In the sixth part of our series, we look at why marketing teams are so siloed, and how measuring impact can be the thing that brings them together.

Image by Darren Garrett for Storythings

Welcome to Attention Matters, the newsletter from Storythings which gives you practical insights and tools on how to tell better stories and grow your audiences’ attention.

This is the sixth part in our series on the difference between storytelling and story finding, and why this matters for your B2B marketing. Here’s what we’re covering in this series:

Last week we looked at probably the most important part of building really effective story formats - workflow. We ended up talking about the value of the archive - the collection of stories that you build when you get the workflow of a story format just right, something you can sustain over a long period of time.

This leads to a bigger question about value - how do you measure the impact of a great story over time? To answer that question, we’re doing something we love doing for our clients at Storythings - taking concepts from other parts of the media world, and translating them into the world of B2B marketing. It’s this ability to translate ideas and cut through the jargon of different sectors that our clients tell us they love about working with Storythings.

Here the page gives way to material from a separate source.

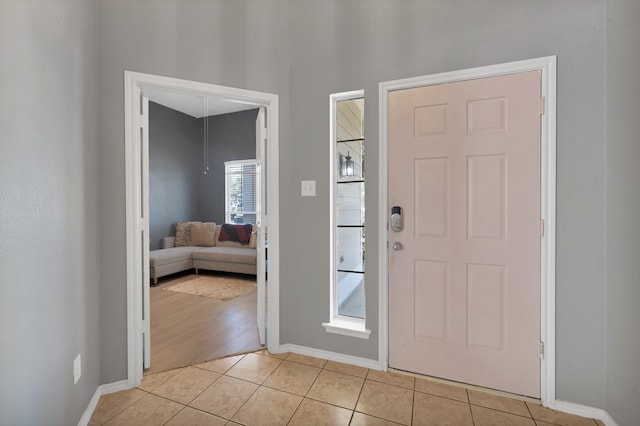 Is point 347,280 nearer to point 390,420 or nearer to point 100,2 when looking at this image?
point 390,420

If you’d like to work with us, our new story-finding sprint is a great place to start:

HIRE STORYTHINGS FOR A 15 DAY STORY FINDING SPRINT
If you want to start finding great stories that will bring your brand to life right now, we’re offering a 15 day story finding sprint. We’ll use our tried and tested techniques to find dozens of really compelling stories about your company, and make practical suggestions for how to test and scale story formats.

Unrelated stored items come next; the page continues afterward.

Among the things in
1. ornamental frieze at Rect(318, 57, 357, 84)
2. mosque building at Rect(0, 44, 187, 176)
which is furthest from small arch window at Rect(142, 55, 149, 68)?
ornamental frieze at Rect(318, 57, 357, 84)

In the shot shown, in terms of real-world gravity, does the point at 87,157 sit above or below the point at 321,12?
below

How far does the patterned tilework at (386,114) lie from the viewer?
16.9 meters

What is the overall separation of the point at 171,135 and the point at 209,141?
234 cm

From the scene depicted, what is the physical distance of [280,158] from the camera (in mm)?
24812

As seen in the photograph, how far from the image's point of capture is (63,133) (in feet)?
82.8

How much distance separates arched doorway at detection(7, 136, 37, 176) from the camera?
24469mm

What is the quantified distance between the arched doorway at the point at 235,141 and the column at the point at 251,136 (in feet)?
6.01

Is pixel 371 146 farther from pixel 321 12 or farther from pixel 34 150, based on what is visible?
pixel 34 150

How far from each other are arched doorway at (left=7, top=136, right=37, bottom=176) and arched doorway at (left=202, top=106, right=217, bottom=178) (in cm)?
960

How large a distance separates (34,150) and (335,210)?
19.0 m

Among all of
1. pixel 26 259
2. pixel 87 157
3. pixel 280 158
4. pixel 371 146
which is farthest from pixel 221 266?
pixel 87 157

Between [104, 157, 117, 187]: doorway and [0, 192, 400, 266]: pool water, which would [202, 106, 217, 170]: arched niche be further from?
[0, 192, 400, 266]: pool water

Oh, and we’ll help you and your team become world-class storytellers in the process.

Interested? Email us and we’ll set up a call asap!

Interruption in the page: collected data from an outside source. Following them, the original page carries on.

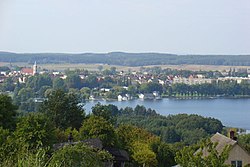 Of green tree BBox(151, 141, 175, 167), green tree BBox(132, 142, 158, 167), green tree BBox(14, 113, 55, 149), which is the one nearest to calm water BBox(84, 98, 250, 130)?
green tree BBox(151, 141, 175, 167)

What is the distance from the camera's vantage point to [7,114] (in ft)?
47.9

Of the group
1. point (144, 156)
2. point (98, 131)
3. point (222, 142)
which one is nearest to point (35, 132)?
point (222, 142)

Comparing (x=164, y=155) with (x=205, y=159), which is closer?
(x=205, y=159)

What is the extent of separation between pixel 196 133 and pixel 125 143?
1512 centimetres

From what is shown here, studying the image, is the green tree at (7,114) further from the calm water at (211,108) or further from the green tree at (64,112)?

Need more convincing? Here’s what a recent client said about working with Storythings:

“Storythings were a brilliant agency to partner with and we are really pleased with what they delivered. Not only were they a lovely team to work with, but they understood the brief, had a good grasp of the sector and despite very strict time constraints they managed to deliver a piece of work that was over and above what we expected.”

A couple of weeks ago, I was at a B2B conference in London and saw a fascinating presentation about brand vs demand marketing from WARC, Stein IAS and Linkedin. As someone who is still getting my head around the jargon and acronyms of the B2B marketing stack, it was a hugely valuable session, but my one big takeaway was summed up in the intro to the report:

“In marketing, we like to frame the world in terms of binaries: brand versus demand, distinctiveness versus differentiation, digital versus traditional, upper funnel versus lower funnel, mass reach versus targeting.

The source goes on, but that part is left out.